Items from a data source:
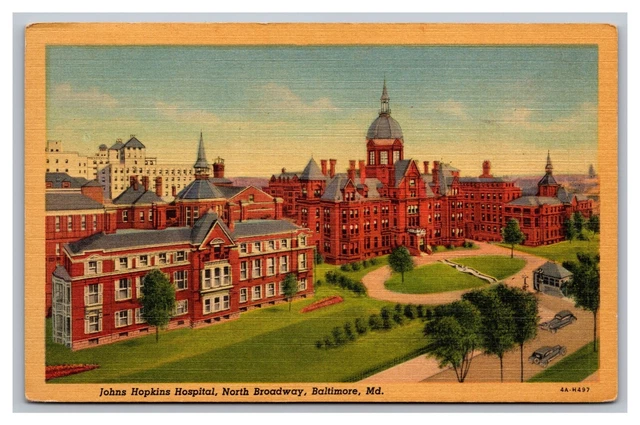 Baltimore MD Johns Hopkins Hospital North Broadway Aerial View Linen Postcard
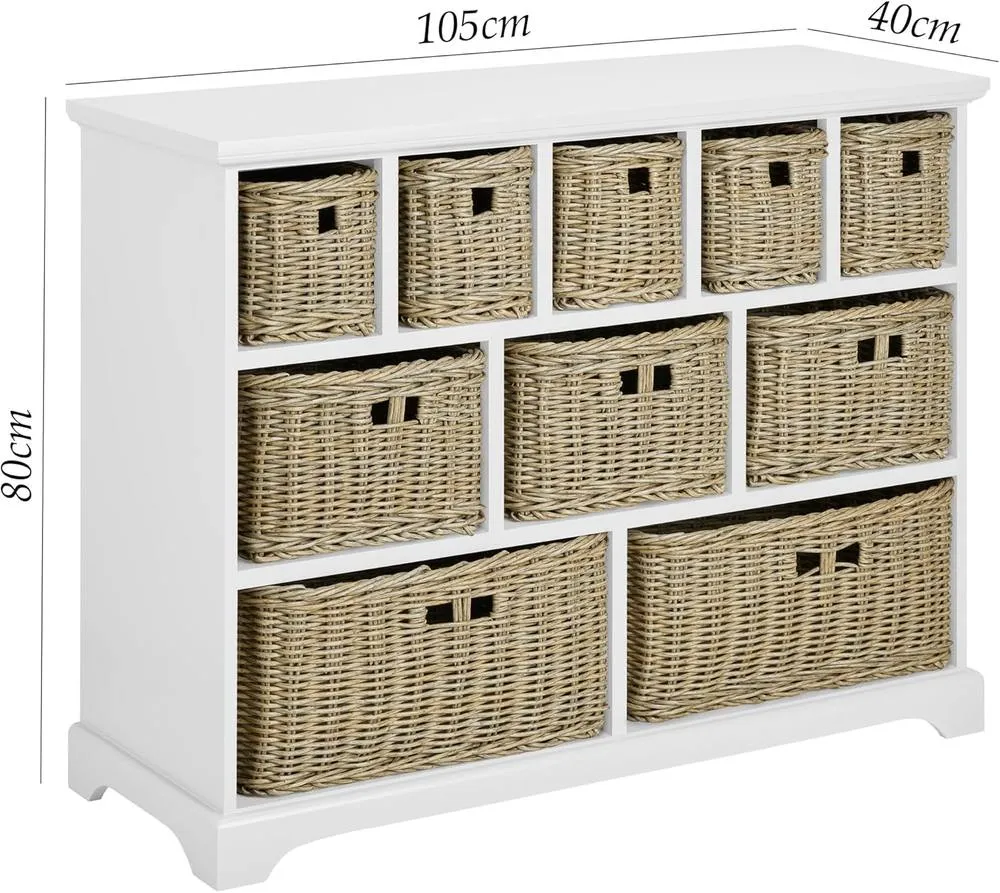 Statement Furniture Tetbury 10 Drawer Storage Unit with Brown Faux Wicker Baskets in White 3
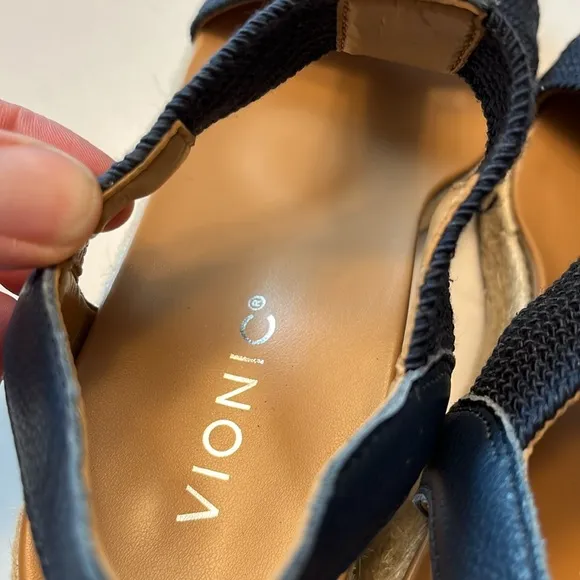 Vionic Calera Wedge Sandals, Navy, size 6.5 Wide, espadrille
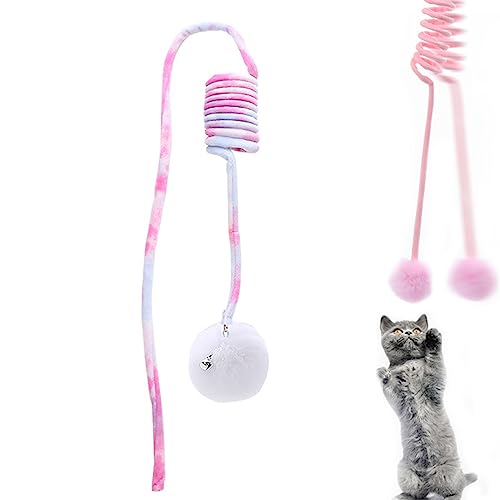 RCIDOS Hanging Spring Plush Ball Cat Toy,Pet cat Toys,Bouncing cat Toy,Self-Play Hanging Stretchable Cat Spring with Bell-Gradient Violet von RCIDOS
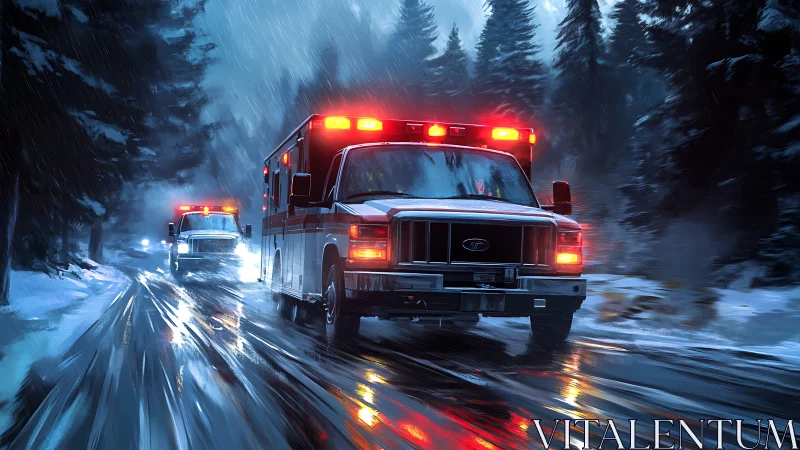 Emergency ambulances on wet winter forest roadway at night.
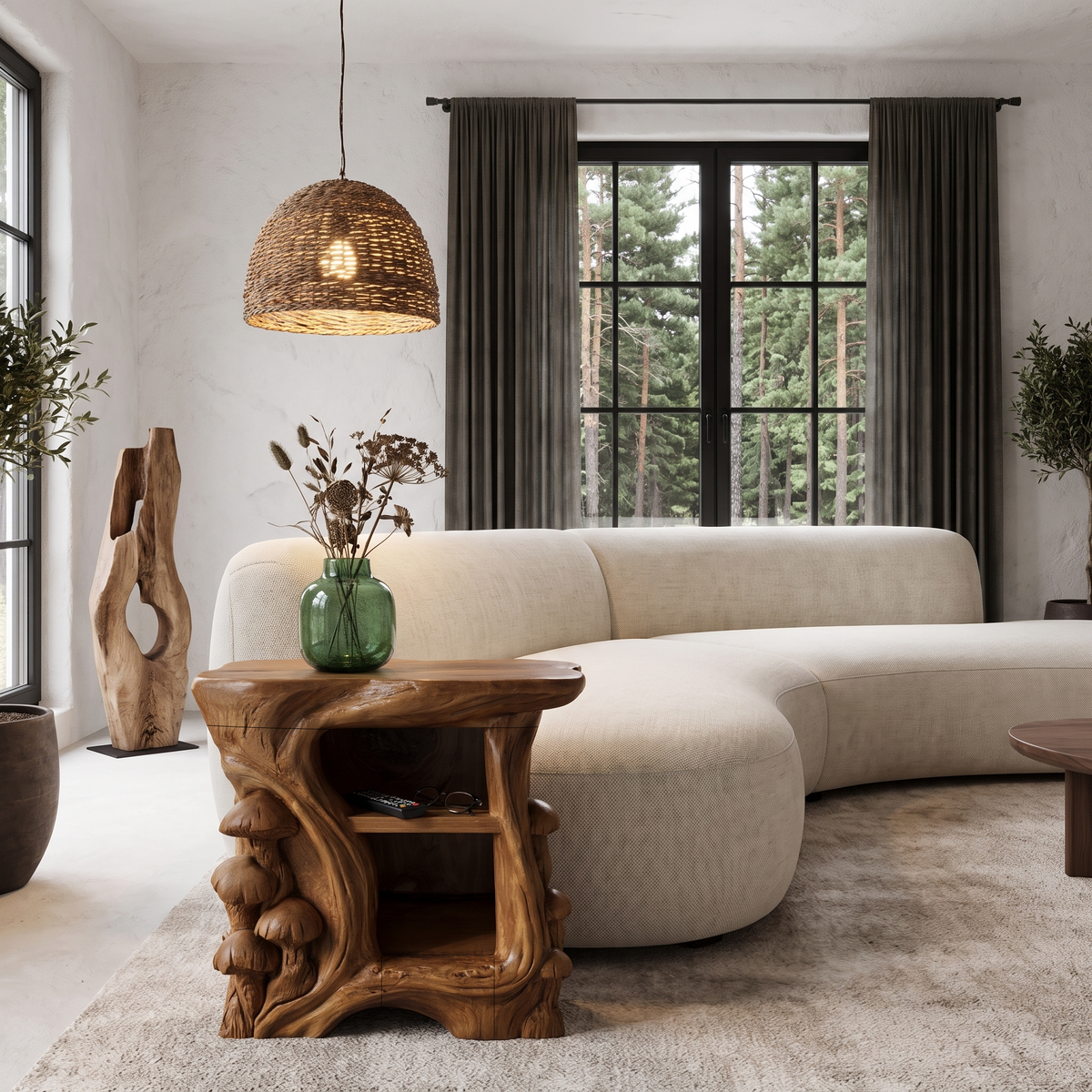 Organic Solid Wood Bedside Table With Sculptural Tree Branch Base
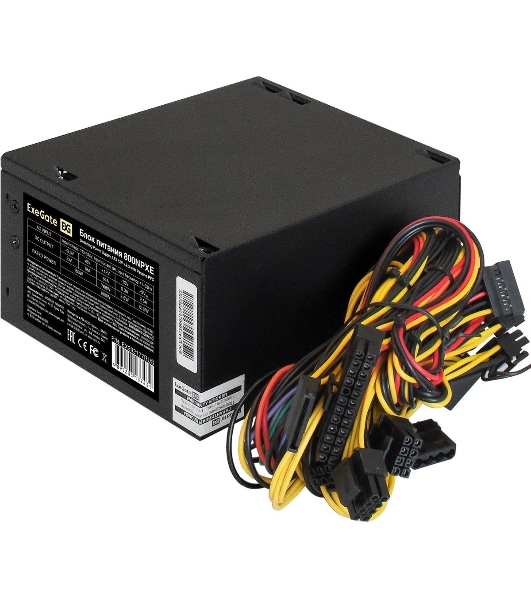 Блок питания ExeGate 800NPXE, 800W, (ATX, PPFC, PC, 12cm fan, 24pin, (4+4)pin, 2xPCI-E, 5xSATA, 3xIDE, черный, кабель 220V в комплекте 1,8м)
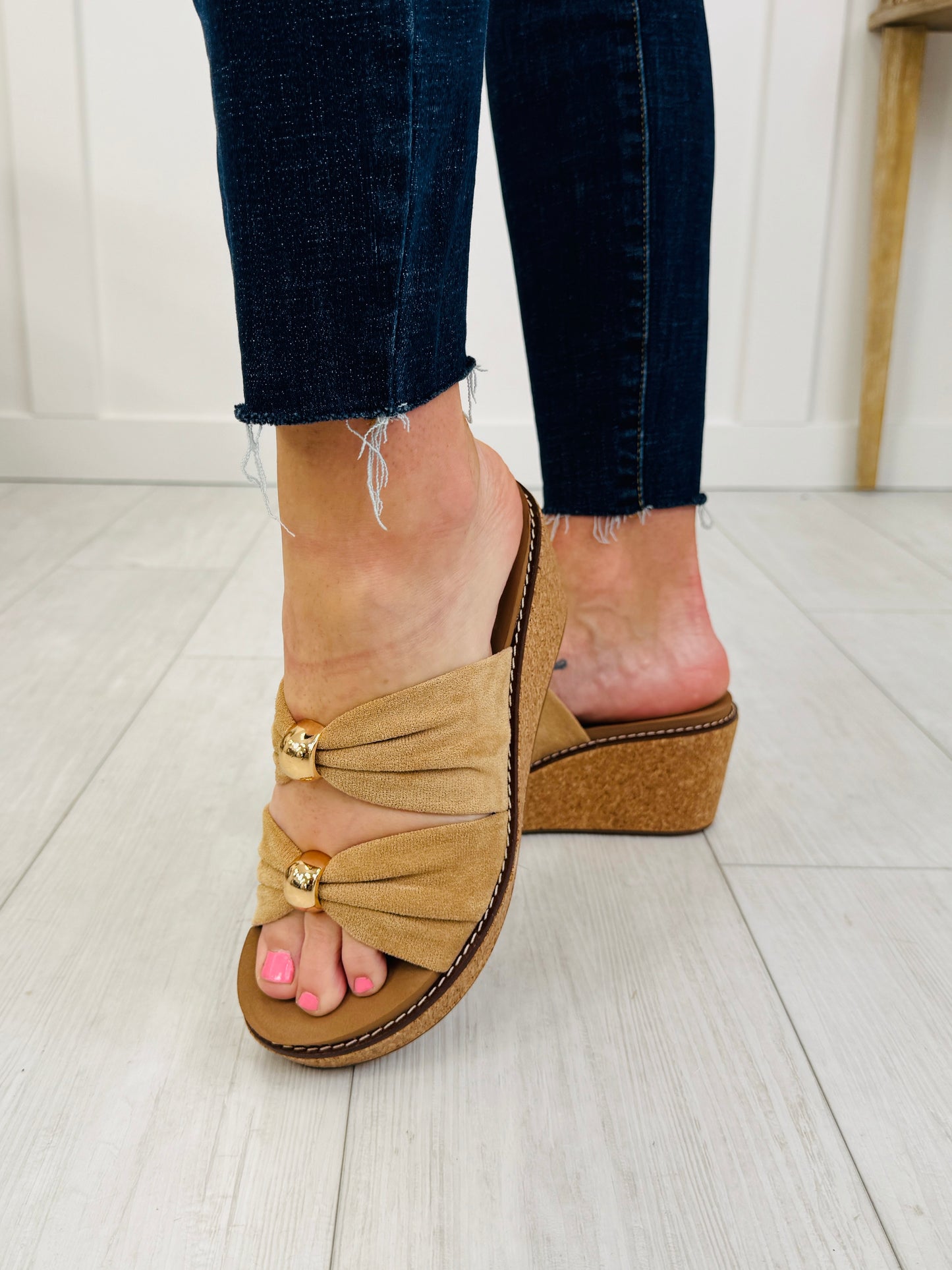 City Chic Wedges In Camel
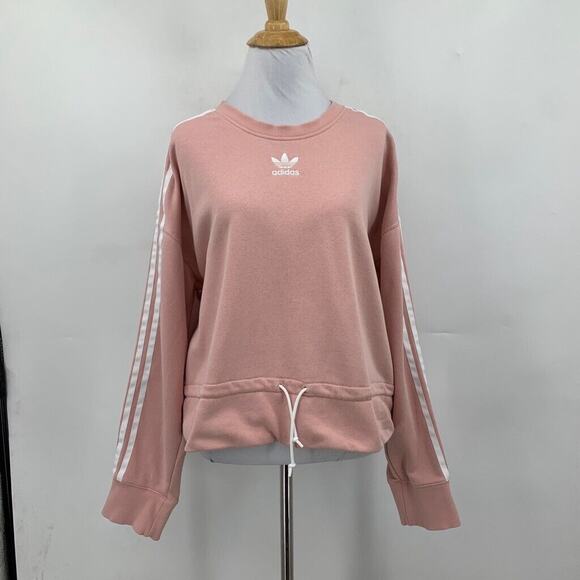 Adidas Sweatshirt Womens L Large Pink Trefoil Logo 3 Stripes Sleeve Waist Pull - Picture 2 of 15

EXERCISE DIRECTIONS: The answer must be an exact copy of the lines from the one with "Organic Solid Wood" through the final line above, both ends included, and nothing else; pictures stay out.

ANSWER FOR THE TASK:
 Organic Solid Wood Bedside Table With Sculptural Tree Branch Base
 Блок питания ExeGate 800NPXE, 800W, (ATX, PPFC, PC, 12cm fan, 24pin, (4+4)pin, 2xPCI-E, 5xSATA, 3xIDE, черный, кабель 220V в комплекте 1,8м)
 City Chic Wedges In Camel
 Adidas Sweatshirt Womens L Large Pink Trefoil Logo 3 Stripes Sleeve Waist Pull - Picture 2 of 15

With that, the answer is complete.